Tout d’abord, bien sûr, il ne faut pas se rendre dans des zones proches de la zone de guerre et où les bombardements se produisent dans un laps de temps très court. Il s'agit des villes de Zaporizhia, Dnipro et Kharkiv, où seulement trente secondes s'écoulent entre l'avertissement et l'impact d'une attaque à la roquette russe, de sorte que les gens n'ont pas le temps de se rendre à l'abri anti-aérien. Les sirènes ne fonctionnent pas toujours non plus dans ces zones. Le son émis par une telle sirène est très désagréable, surtout lorsque vous l’entendez pour la première fois. Cependant, il est important de ne pas se laisser distraire et de se rendre immédiatement au refuge. Sur le site Internet du ministère ukrainien des Affaires étrangères, vous trouverez des informations complètes sur toutes les règles de séjour dans le pays.

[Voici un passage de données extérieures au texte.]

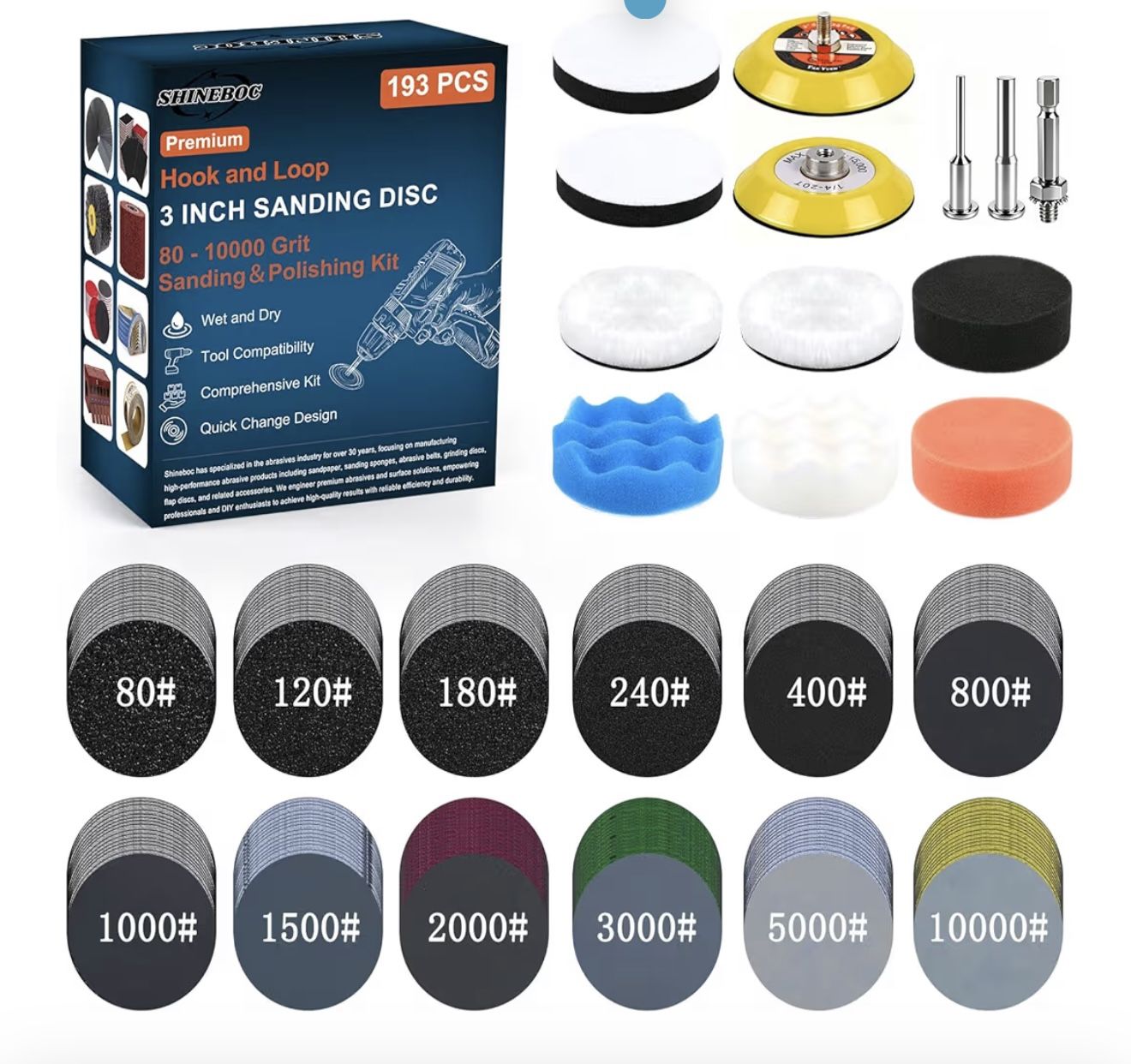 193Pcs 3 Inch Polishing Kit Hook and Loop Sanding Discs, 80 to 10000 Grits - Wet Dry Sandpaper Buffing Sanding Pads with 1/4" 1/8" Shank, for Metal, W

Quelles perspectives voyez-vous pour le tourisme ukrainien après la guerre ?
Dans le passé, certaines crises et guerres ont effectivement favorisé le développement. La Croatie, par exemple, est devenue un pays touristique prospère après dix ans de travail systématique après la fin de la guerre. Aujourd’hui, les choses peuvent aller plus vite parce que l’information est diffusée dans le monde entier via Internet. Dans les premières années, avec une bonne organisation, nous pourrons attirer un très grand nombre de touristes et restaurer le tourisme dans la partie du pays qui n'a pas été touchée par la guerre. Tout dépendra de l’issue de la guerre et du type d’Ukraine que nous libérerons. Aujourd’hui, nous voyons des villes de la région de Donetsk complètement détruites. Il faudra de nombreuses années pour les reconstruire et les déminer.